* _Exercise materials_:

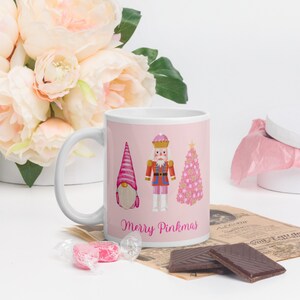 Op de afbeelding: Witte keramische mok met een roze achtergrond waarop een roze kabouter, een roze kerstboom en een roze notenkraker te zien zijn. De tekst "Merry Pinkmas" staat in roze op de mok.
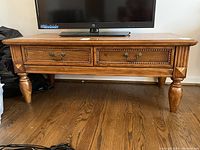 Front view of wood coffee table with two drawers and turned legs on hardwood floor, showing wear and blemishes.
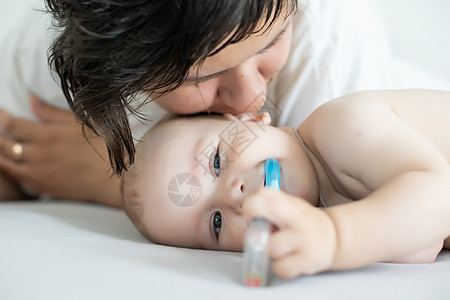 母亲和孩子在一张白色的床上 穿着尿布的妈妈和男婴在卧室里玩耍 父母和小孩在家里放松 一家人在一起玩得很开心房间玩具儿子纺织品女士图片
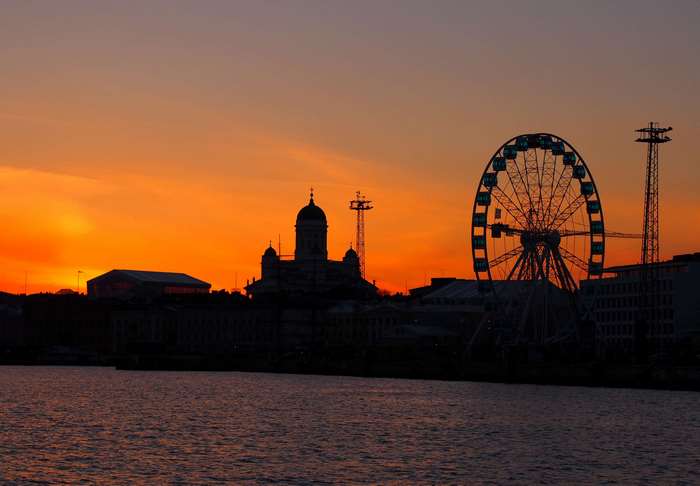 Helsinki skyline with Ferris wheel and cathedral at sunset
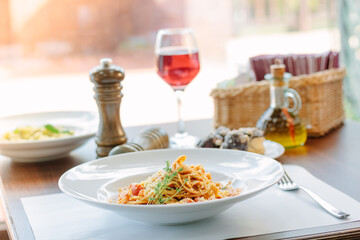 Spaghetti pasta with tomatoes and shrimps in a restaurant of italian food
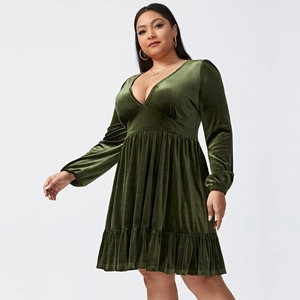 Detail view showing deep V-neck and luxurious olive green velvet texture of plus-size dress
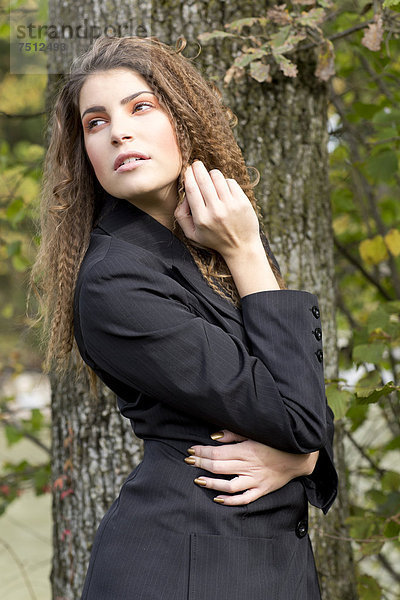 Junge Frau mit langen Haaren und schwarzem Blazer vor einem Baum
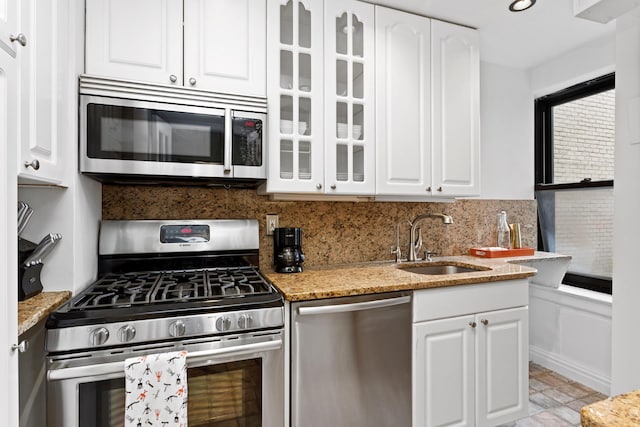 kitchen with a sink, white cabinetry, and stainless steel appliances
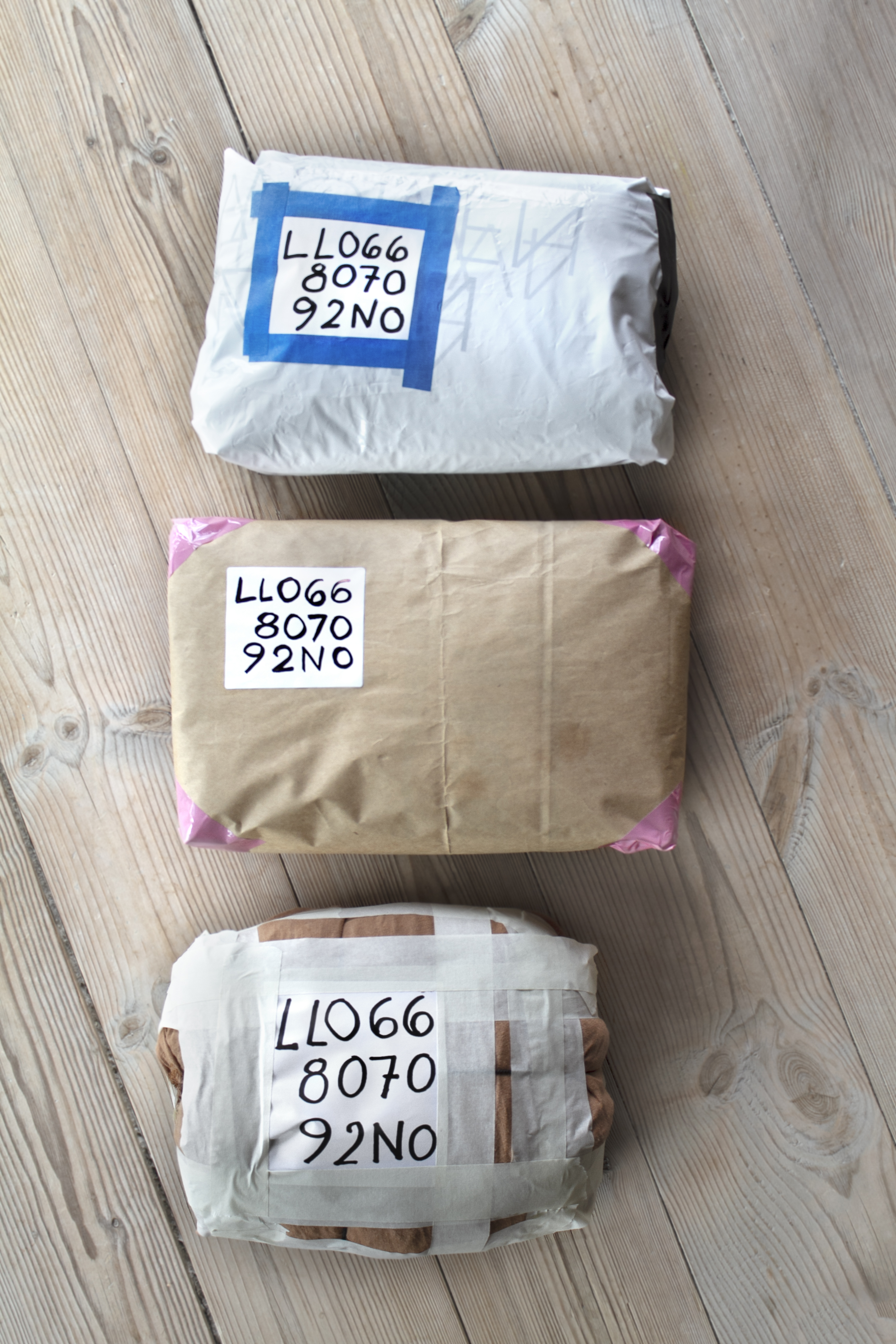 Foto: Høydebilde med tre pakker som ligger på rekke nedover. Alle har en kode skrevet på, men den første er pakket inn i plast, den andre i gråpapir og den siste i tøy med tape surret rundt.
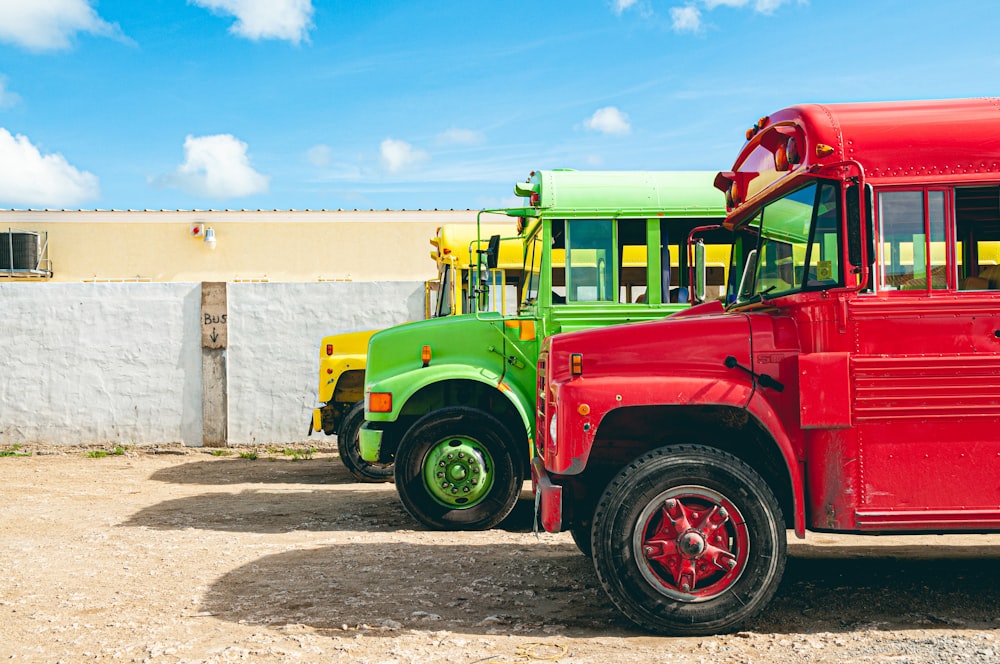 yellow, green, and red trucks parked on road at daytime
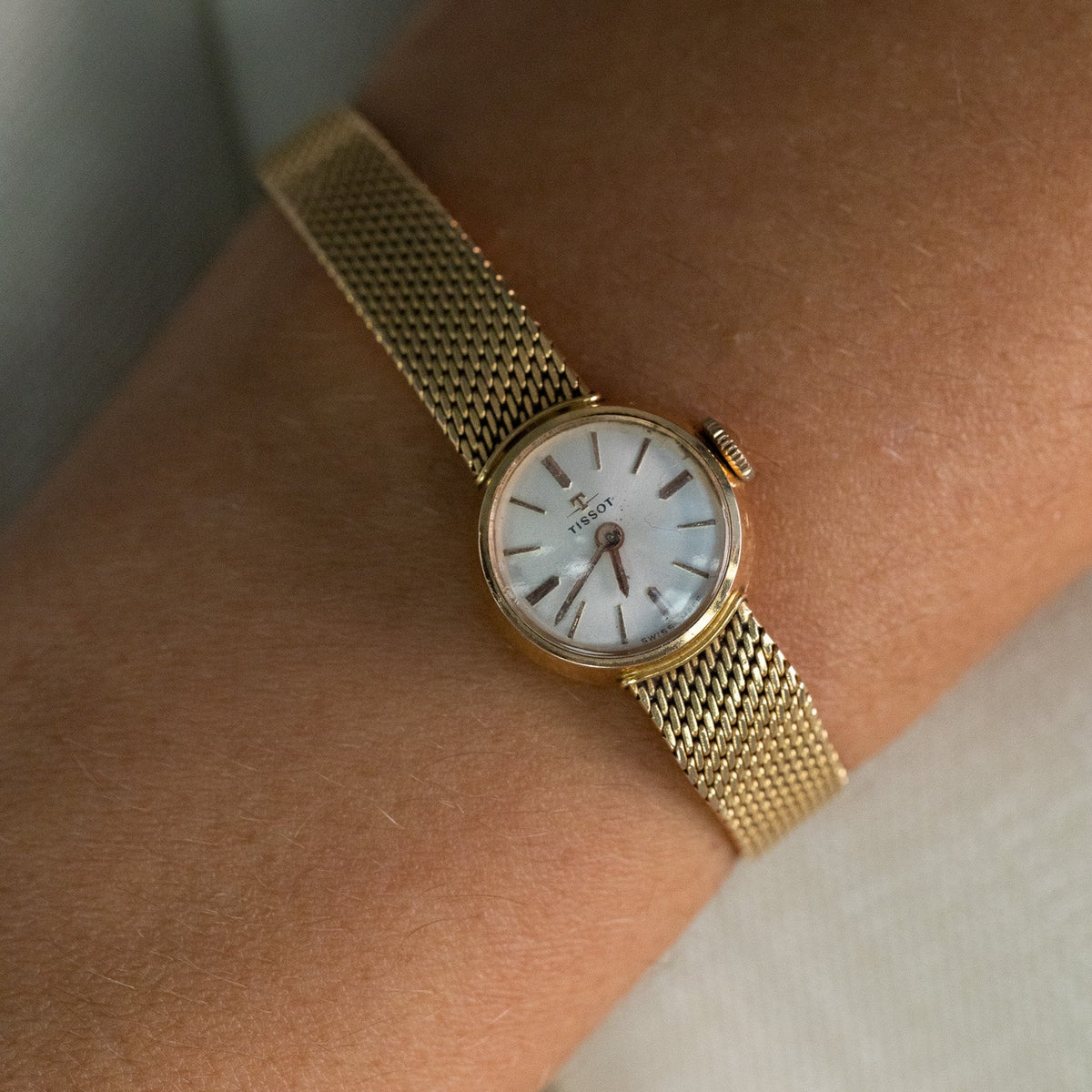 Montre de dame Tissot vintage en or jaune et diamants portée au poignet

...

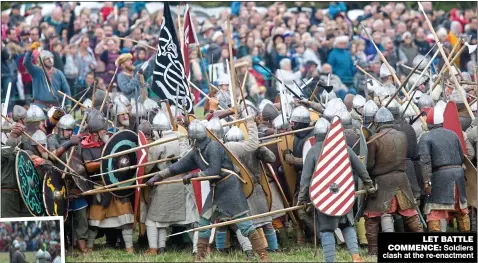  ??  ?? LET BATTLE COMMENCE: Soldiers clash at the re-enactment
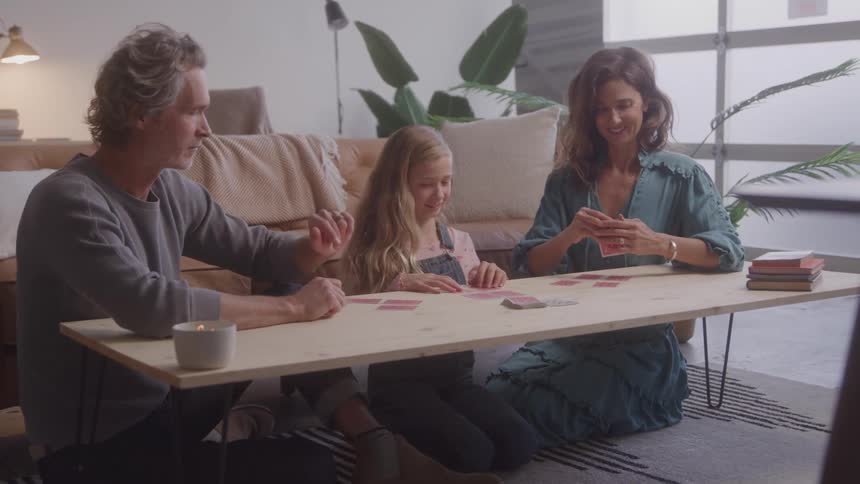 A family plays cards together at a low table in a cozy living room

* _Exercise goal_: Out of the records above, return only the lines from the one with "Foto: Høydebilde med" through the one with "Montre de dame", exactly, and none of the pictures.

* _Solved problem_:
 Foto: Høydebilde med tre pakker som ligger på rekke nedover. Alle har en kode skrevet på, men den første er pakket inn i plast, den andre i gråpapir og den siste i tøy med tape surret rundt.
 yellow, green, and red trucks parked on road at daytime
 Montre de dame Tissot vintage en or jaune et diamants portée au poignet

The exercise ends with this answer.